Cut costs, scale smarter with ROSA: Karpenter automates compute provisioning

By deploying applications on Red Hat OpenShift Service on AWS (ROSA), developers gain operational benefits through containerization, node auto-scaling, and elastic compute, but can still face instances of resource underutilization. To improve compute utilization and reduce costs for ROSA, Red Hat is offering Red Hat build of Karpenter, which is a fully-managed autoscaler based on the upstream Project Karpenter.

Karpenter provisions right-sized Amazon Elastic Compute Cloud (Amazon EC2) instances just-in-time based on the exact compute requirements of the deployed workloads rather than statically defined instance types. This approach significantly reduces compute costs through efficient allocation of resources and continuous assessment of compute requirements leading to cost effective scale up, efficient bin-packing, and scale-down.

This blog explains how Karpenter solves the compute capacity management challenges, then dives into how Red Hat build of Karpenter (currently in Technology Preview) brings these capabilities to ROSA with hosted control planes (HCP), and how you can use it with your clusters.

The Node Scaling Problem

Cluster administrators have long relied on the Kubernetes Cluster Autoscaler as well as manually configured machine pools to manage compute capacity. While functional, this approach does have limitations:

Figure 1: Visual representation of the traditional machine pool node scaling problem

- Rigid node groups with fixed instance types and sizes mean you are locked into a single instance type, such as m6i.8xlarge, per node group, even when your workloads have diverse requirements (CPU-intensive, memory-heavy, GPU, Arm-based).
- Reactive scaling results in the Cluster Autoscaler adding more nodes of the same instance type when pods cannot schedule. It does not proactively evaluate whether a different instance type (family or size) would be a better fit.
- Over-provisioning is often employed to ensure workloads have provisioned resources to expand, resulting in oversized machine pools and wasted spend.
- Bin-packing inefficiency arises when resources are stranded on partially utilized nodes that cannot be consolidated.
- Operational toil is a result of the manual, error prone process of managing multiple machine pools with different instance types, sizes, market options, and scaling policies.
- Resource constraints occur if a specific instance type is not available at a given time, or if a compute quota is exceeded.

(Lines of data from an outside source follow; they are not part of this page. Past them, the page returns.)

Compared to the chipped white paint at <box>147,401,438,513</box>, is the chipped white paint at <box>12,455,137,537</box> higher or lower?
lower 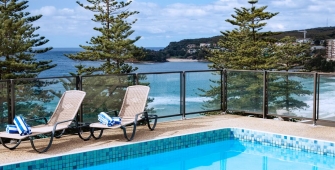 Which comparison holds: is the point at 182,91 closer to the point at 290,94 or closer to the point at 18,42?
the point at 290,94

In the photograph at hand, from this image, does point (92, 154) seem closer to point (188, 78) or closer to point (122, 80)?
point (122, 80)

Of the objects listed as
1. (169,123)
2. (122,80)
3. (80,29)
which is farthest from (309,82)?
(80,29)

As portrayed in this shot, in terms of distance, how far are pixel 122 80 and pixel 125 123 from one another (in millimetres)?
1346

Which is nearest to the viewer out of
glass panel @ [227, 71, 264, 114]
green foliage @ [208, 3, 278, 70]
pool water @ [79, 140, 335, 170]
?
pool water @ [79, 140, 335, 170]

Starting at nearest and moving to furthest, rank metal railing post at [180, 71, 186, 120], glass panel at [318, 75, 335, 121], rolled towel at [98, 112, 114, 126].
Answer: rolled towel at [98, 112, 114, 126] < glass panel at [318, 75, 335, 121] < metal railing post at [180, 71, 186, 120]

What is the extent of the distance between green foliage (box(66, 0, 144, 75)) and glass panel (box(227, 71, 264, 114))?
484 inches

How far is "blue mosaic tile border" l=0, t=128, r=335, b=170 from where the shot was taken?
5.58 m

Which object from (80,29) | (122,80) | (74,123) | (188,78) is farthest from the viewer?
(80,29)

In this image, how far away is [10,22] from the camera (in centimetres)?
1889

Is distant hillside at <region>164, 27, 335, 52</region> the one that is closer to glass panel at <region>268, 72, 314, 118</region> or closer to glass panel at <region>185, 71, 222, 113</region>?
glass panel at <region>185, 71, 222, 113</region>

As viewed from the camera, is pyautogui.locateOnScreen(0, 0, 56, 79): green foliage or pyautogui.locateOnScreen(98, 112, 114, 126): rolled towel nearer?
pyautogui.locateOnScreen(98, 112, 114, 126): rolled towel

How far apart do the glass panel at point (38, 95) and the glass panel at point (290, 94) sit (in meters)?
3.97

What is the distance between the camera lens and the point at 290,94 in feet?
27.5

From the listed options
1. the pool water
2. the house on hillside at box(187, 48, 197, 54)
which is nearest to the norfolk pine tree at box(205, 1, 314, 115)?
the house on hillside at box(187, 48, 197, 54) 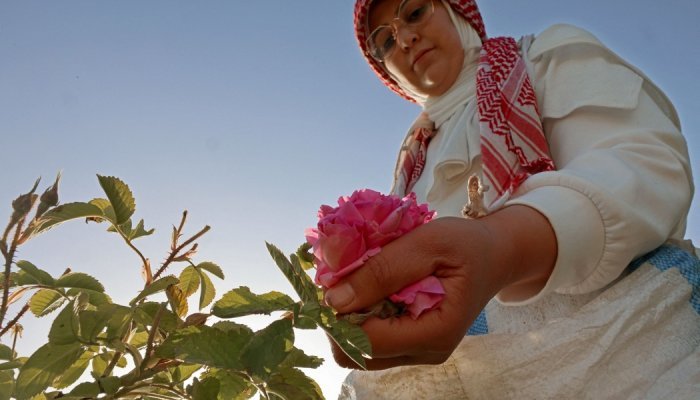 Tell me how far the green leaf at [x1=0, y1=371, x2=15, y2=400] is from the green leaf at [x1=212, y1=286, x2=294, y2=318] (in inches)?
13.3

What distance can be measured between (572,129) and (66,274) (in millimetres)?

For organizations operating at scale across multiple environments and teams, these inefficiencies compound quickly.

The Solution: Karpenter

Karpenter, created by Amazon Web Services (AWS) and open-sourced in 2021, is a high-performance, Kubernetes-native node autoscaler designed to improve upon the limitations of the traditional Kubernetes Cluster.

Unlike traditional autoscalers that operate on node groups, Karpenter works at the individual pod level. When pods can’t be scheduled, Karpenter evaluates their resource requests for constraints (e.g., CPU, memory, GPU, topology) and provisions the optimal Amazon EC2 instance to satisfy them. It does this by calling the EC2 CreateFleet API directly, selecting from over 400 instance types across multiple architectures (x86, Arm/Graviton), capacity types (On-Demand, Spot), and AWS Availability Zones.

The result is compute that is right-sized and requires no manual intervention.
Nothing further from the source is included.